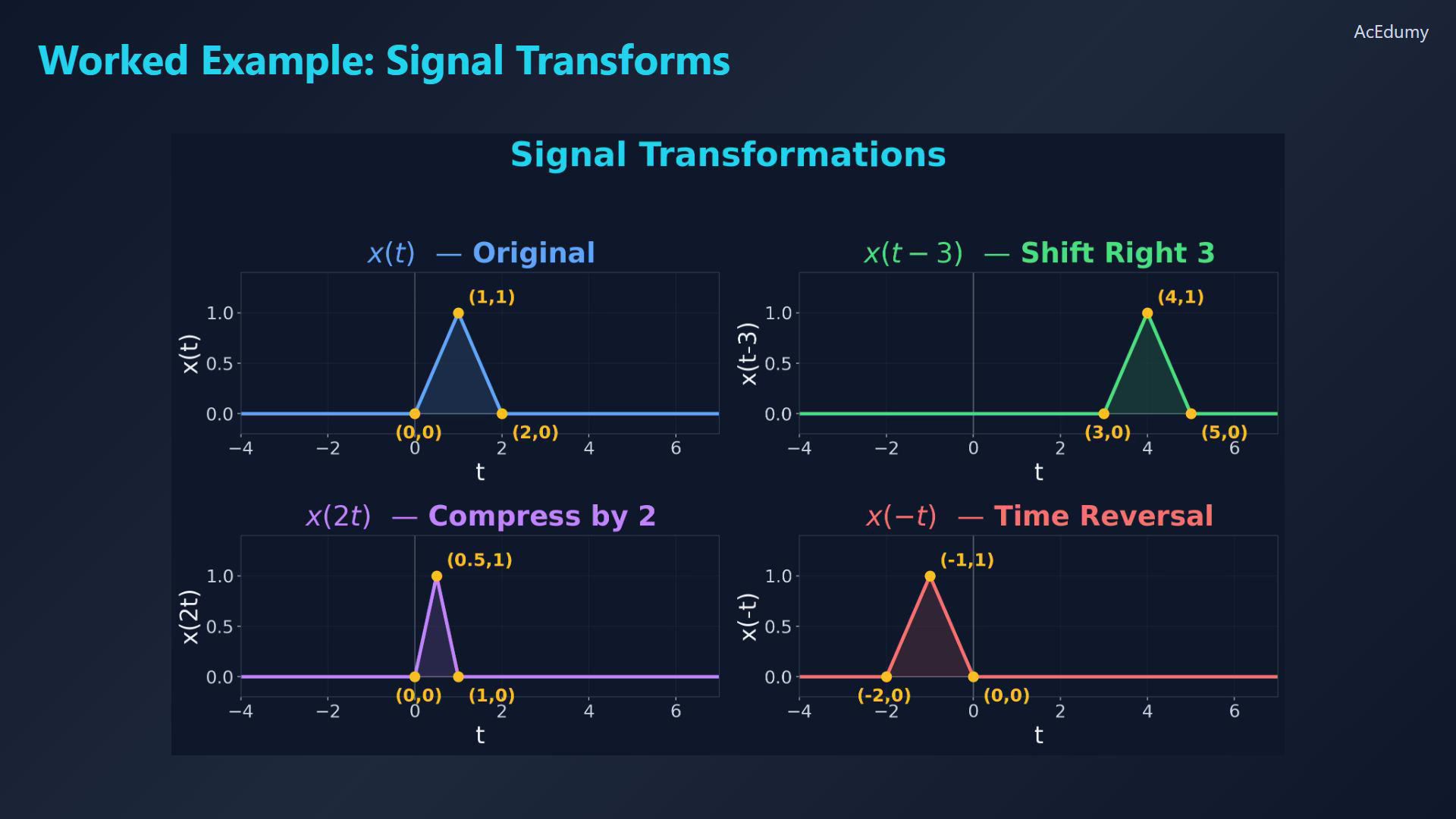 Reviewed original English final-video reference for signals, systems and time-coordinate transformations.
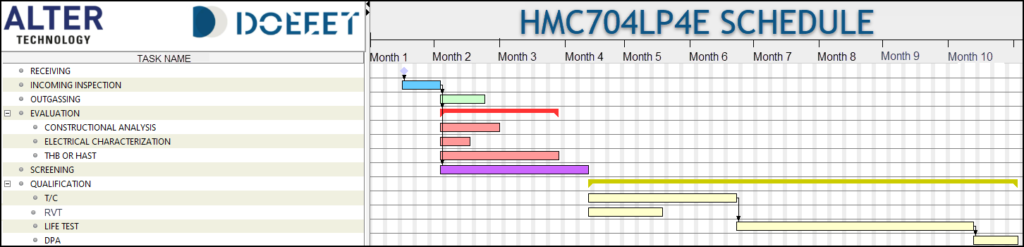 HMC704 SCHEDULE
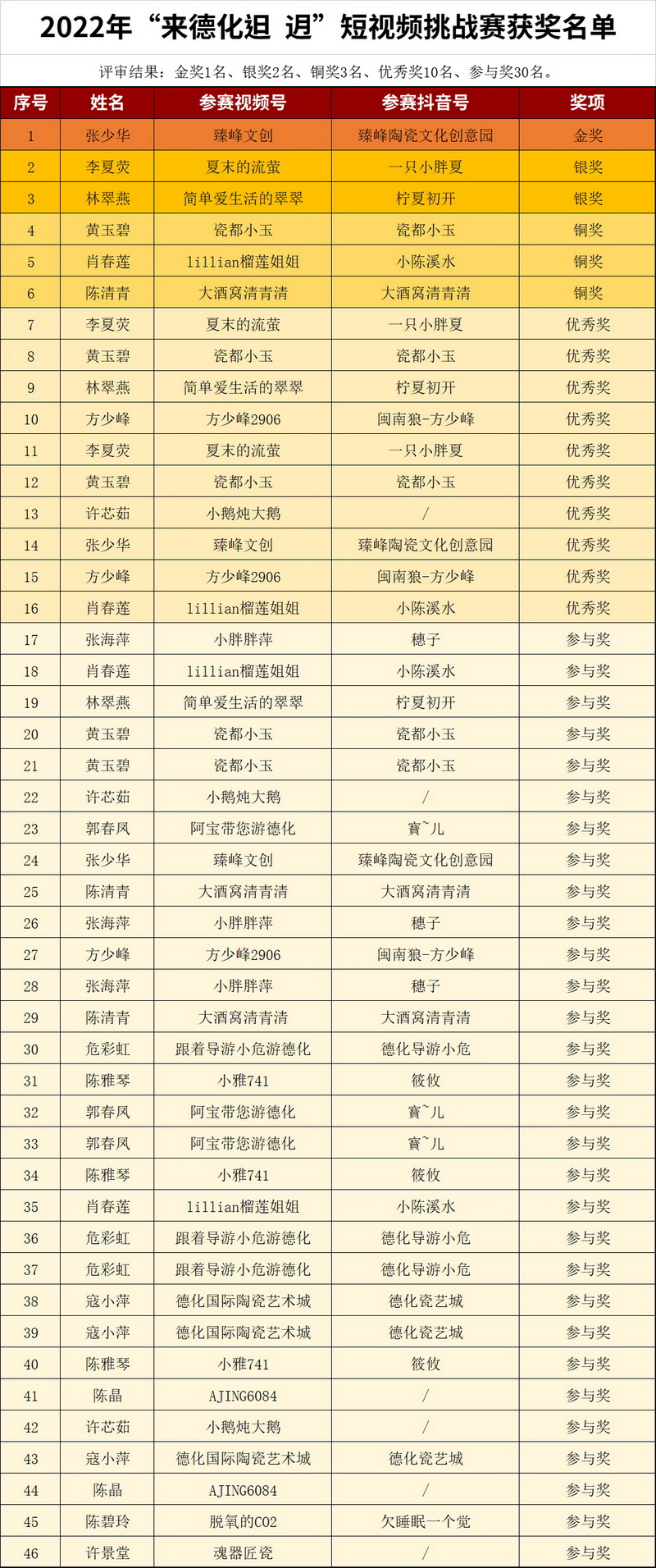 2022年“来德化*迌”短视频挑战赛获奖名单公布 - 憨鼠网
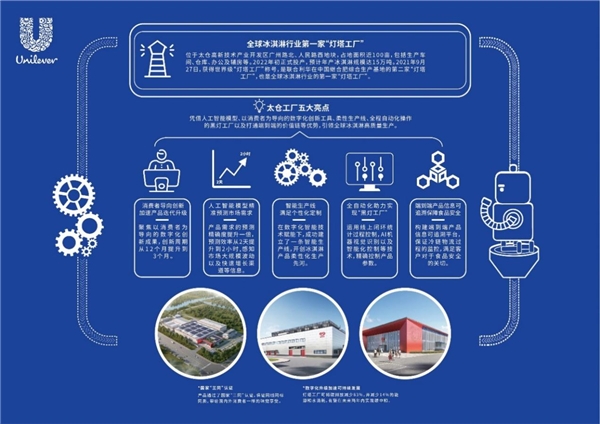  联合利华和路雪太仓“灯塔工厂”举办线上揭幕仪式 引领冰淇淋行业高质量可持续发展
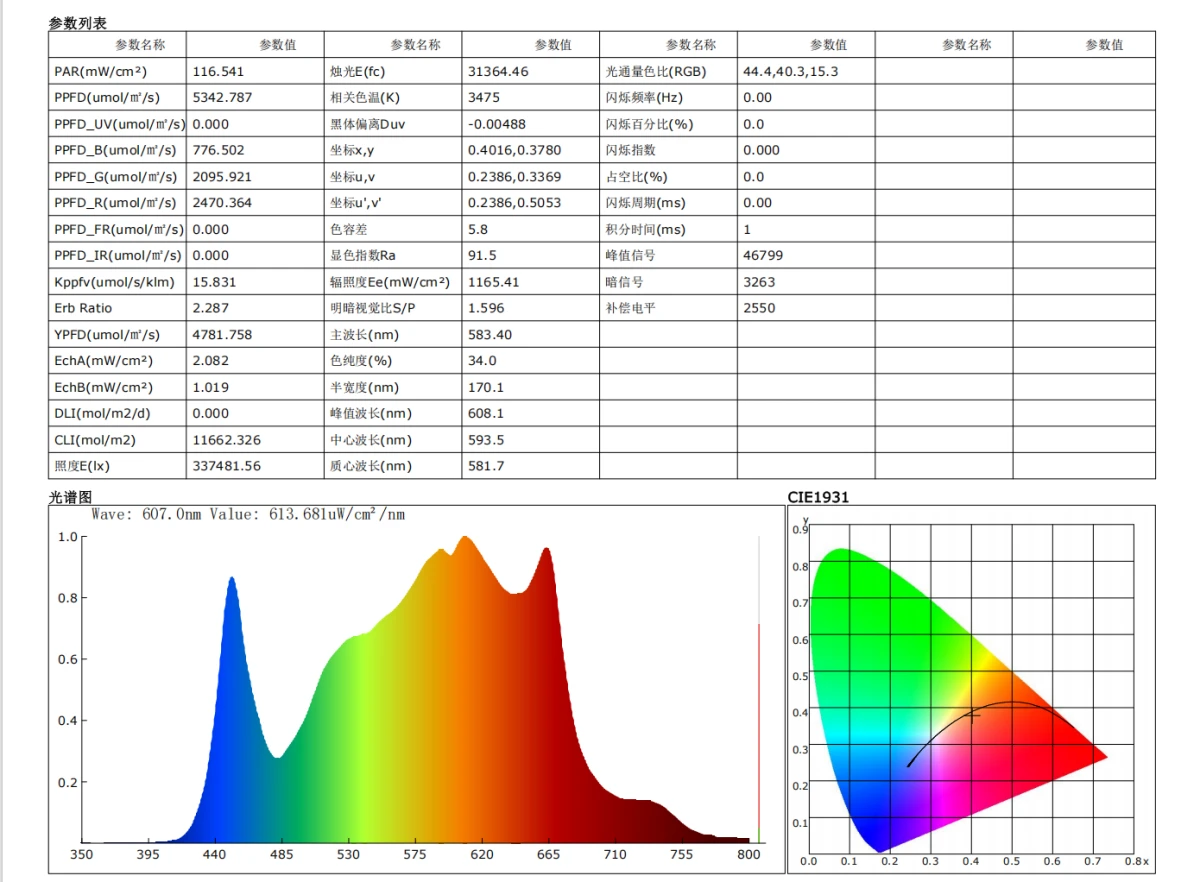 Greenhouse grow light Test report Greenhouse grow light Test report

○ ○ ○ ○ ○

What to produce:
Give the records above again in full and exactly, but exclude every picture.

Written answer:
 Reviewed original English final-video reference for signals, systems and time-coordinate transformations.
 HMC704 SCHEDULE
 2022年“来德化*迌”短视频挑战赛获奖名单公布 - 憨鼠网
  联合利华和路雪太仓“灯塔工厂”举办线上揭幕仪式 引领冰淇淋行业高质量可持续发展
 Greenhouse grow light Test report Greenhouse grow light Test report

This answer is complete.